Of course Spears’ miming ‘scandal’ is an obvious lure for the entertainment media, who rarely get to ride stories cast from the A Current Affair mould.
It’s got the lot – a wealthy villainess (a neglectful mum to boot!), ill-informed devotees tricked into shelling out to watch her mime and talk of the NSW government legislating a lip synch ‘disclaimer’ on to concert tickets.
The only catch is that it’s common knowledge Spears has mimed her vocals since the early days of her career… and that she’s been miming heavily on the current tour.
Any pop performer with questionable vocal gifts and 90 minutes of vigorous choreography to get through does it; Beyonce, Kylie Minogue and Madonna, three names out of a 10-gallon hat of mimers, have also been accused. It’s hardly a Milli Vanilli-scale disgrace.
And look at the demographic, the fans are getting what they paid for… pop shows of this size are almost always finely tuned entertainments that push all the right buttons and send folks homes on a high.
Watching Spears move her lips – and dance her ass off – amid an arena-scale spectacle of dancers, pyro and costumes likely adds up to ‘a great night’ out for those willing to put down $200 for the privilege.
Besides, this is a performer not long out of several rehab stints and two quite grotesquely publicised visits to the psychiatric ward.
It’s not Laurence Oliver doing Othello at the Old Vic in 1964 or The Cure doing Trilogy in Berlin… you can’t expect to see her at her peak.
This all makes the Spears situation something quite apart from the broader lip synching debate, which is a healthy discussion to have once she’s left the country.
But think of the custody battles, a messy divorce, repeated paparazzi humiliation… why are we so quick to set Spears up as the lip synching monster when she’s already a victim?
The cracks first appeared during her ill-advised 2005 reality show Britney & Kevin: Chaotic, which chronicled her courtship with Kevin Federline and bore the production values of a sexless sex tape.

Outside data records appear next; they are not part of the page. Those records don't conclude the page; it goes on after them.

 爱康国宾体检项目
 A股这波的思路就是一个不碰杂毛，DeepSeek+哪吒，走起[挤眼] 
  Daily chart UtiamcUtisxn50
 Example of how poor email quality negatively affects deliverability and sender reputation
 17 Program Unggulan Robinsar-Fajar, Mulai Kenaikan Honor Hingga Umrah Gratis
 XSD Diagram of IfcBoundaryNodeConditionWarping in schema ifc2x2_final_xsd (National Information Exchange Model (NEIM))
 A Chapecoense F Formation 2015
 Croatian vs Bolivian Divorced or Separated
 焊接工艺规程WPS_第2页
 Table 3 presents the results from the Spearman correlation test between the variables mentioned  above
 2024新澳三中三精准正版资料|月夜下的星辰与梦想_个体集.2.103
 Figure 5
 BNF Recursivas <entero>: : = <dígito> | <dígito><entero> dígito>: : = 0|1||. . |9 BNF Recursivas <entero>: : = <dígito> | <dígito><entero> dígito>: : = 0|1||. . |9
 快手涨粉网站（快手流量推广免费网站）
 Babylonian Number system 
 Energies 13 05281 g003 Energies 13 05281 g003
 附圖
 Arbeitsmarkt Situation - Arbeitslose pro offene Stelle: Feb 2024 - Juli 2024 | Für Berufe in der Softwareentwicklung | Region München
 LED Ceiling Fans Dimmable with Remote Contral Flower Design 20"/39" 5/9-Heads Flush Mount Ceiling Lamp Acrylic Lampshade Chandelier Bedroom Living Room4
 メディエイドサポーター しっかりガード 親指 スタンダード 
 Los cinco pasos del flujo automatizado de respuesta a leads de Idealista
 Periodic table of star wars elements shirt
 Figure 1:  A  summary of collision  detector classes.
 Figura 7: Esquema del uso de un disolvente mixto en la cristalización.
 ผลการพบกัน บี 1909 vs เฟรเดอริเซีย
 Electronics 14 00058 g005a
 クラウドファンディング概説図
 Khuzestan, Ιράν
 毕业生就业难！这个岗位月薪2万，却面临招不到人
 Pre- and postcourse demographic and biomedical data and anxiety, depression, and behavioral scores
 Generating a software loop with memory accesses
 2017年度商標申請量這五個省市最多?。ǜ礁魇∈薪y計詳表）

You could spot her fragility (and Federline’s crude manipulation) a mile off. And we all know how that story ended.
It’s widely reported that her father Jamie now has unhealthy levels of control over her life and career. If you believe everything you read, he decides the tour schedule, monitors her phone and controls the money.
It’s a tough break for Spears: he’s an ex-boozer and we all know how tightly they hold the reins when given the chance.